Pese a ciertas diferencias, desde luego inevitables, con el concepto moderno de forma/ estructura, es evidente el parentesco de estas ideas de la Poética con la definición reciente, pongo por caso, de la fina germanista Elizabeth Wilkinson, para quien la obra de arte es «a structure of qualitative relations. It involves all possible relations between every one of its elements, every kind of likeness and difference -in a work of literature even the likenesses and the differences between one idea and another, one thought and another. All these relations are present as elements of form, not as content. The content of the work, the Gebalt, is a property implicit in this total structure of relations». La profesora Wilkinson en esta ocasión se adhiere a ciertas ideas del Romanticismo alemán (Goethe, Schiller, y el uso de tres términos: Gehalt, o contenido, y como condiciones de éste, Stoff, o materiales, y Gestalt, o forma) que aún hoy, en mi opinión, una lectura de Aristóteles (influencias directas aparte, que no vienen a cuento) nos ayuda a —30→ entender mejor. Es el aspecto «integral» del concepto de forma en Aristóteles. Concepto que ofrece otros aspectos y otras lecturas modernas, desde el punto de vista, por ejemplo, del carácter «dinámico» del trabajo del escritor o del artista: la forma como formación, decíamos antes, como principe actif19, como acción y desarrollo, actividad formadora, Formwille20 voluntad de forma, y, en definitiva, respuesta transformadora a la vida, la sociedad y la historia.

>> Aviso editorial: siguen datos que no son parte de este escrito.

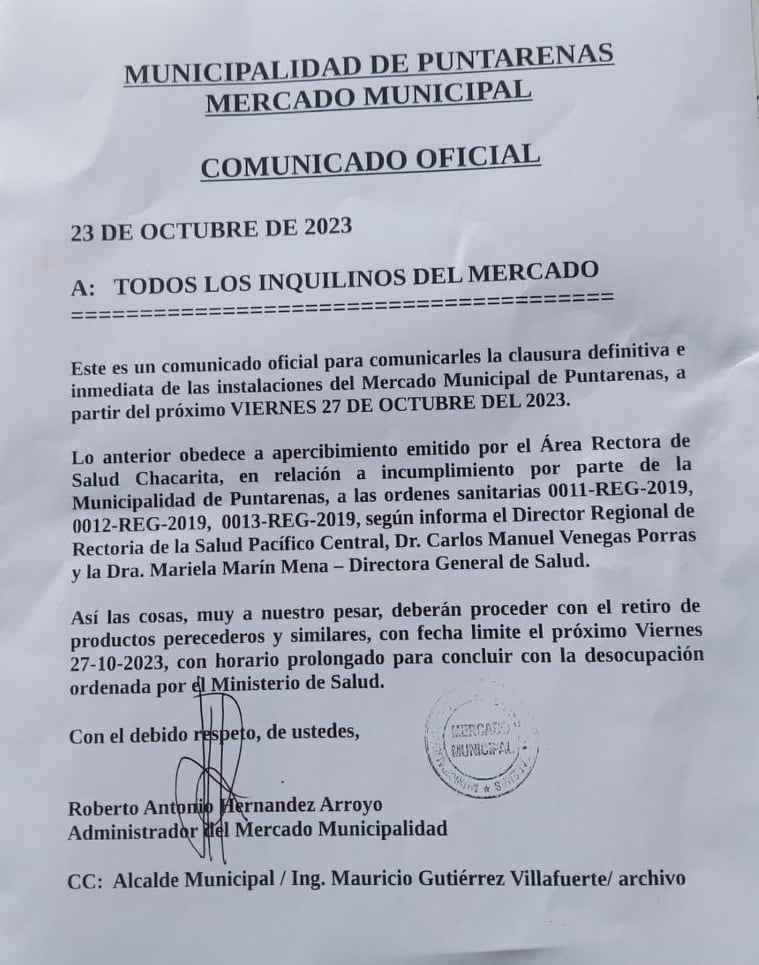 Cierre del mercado municipal de Puntarenas.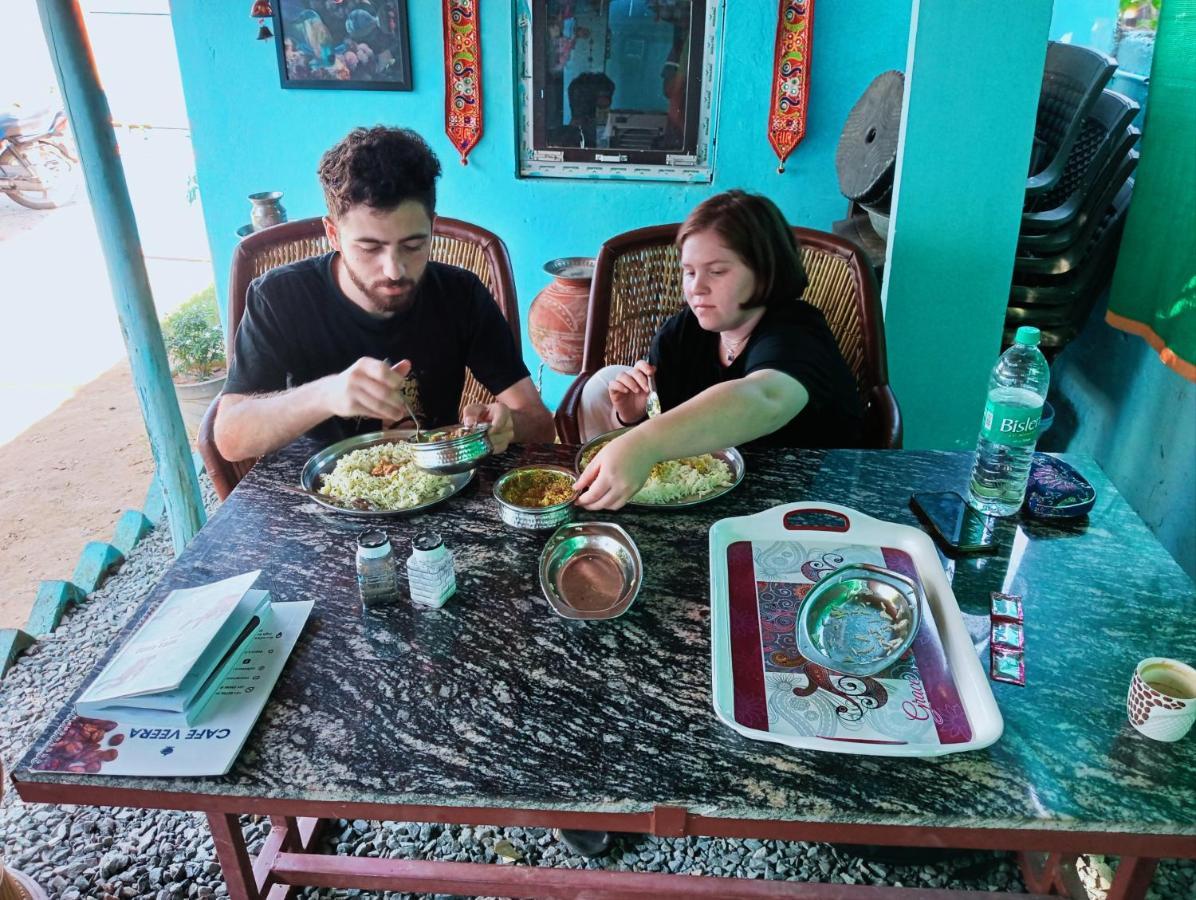 Veera'S Hostel Пушкар Екстериор снимка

La forma y la materia, para Aristóteles, son categorías inmanentes que hacen posible que los objetos reales sean pensables. Estas dos categorías de las cosas son mutuamente relativas. La materia pura es impensable. La materia no se contrapone al espíritu, sino a la inminencia de una forma que permita la actualización de una sustancia real. La forma no es una realidad completa, y no se contrapone a ningún contenido, sino a la materia sin la cual ella, la forma, sería tan inconcebible como inútil. «La forma -resume Ferrater- es lo que determina la materia, lo que convierte su indeterminación en realidad; es actualidad, ser actual frente al ser potencial o posible de la materia»21. Se trata de pensar el mundo, pues, pero un mundo donde las cosas cambian, se convierten, llegan a actualizarse: es decir, de discernir aquellas categorías inmanentes en las cosas que hagan posible pensar a la vez el Ser y el Movimiento, el Ser y el Cambio. En la Física la idea de forma procede del análisis del devenir22, de la definición interna de la naturaleza como cambio y movimiento, y de la materia como substratum de las alteraciones del mundo sublunar y de sus juegos de contrarios23. O con palabras de O. Hamelin: «dans le changement, la forme est ce que la matière devient. Au point de vue de l'analyse statique, la forme est le déterminé et, dans les choses, abstraites, la différence. Pour retourner au devenir, elle est l'acte. Au point de vue de la connaissance, elle est le connaissable par soi. Au point de vue de l'être, elle est ce qu'il ya de plus réel»24.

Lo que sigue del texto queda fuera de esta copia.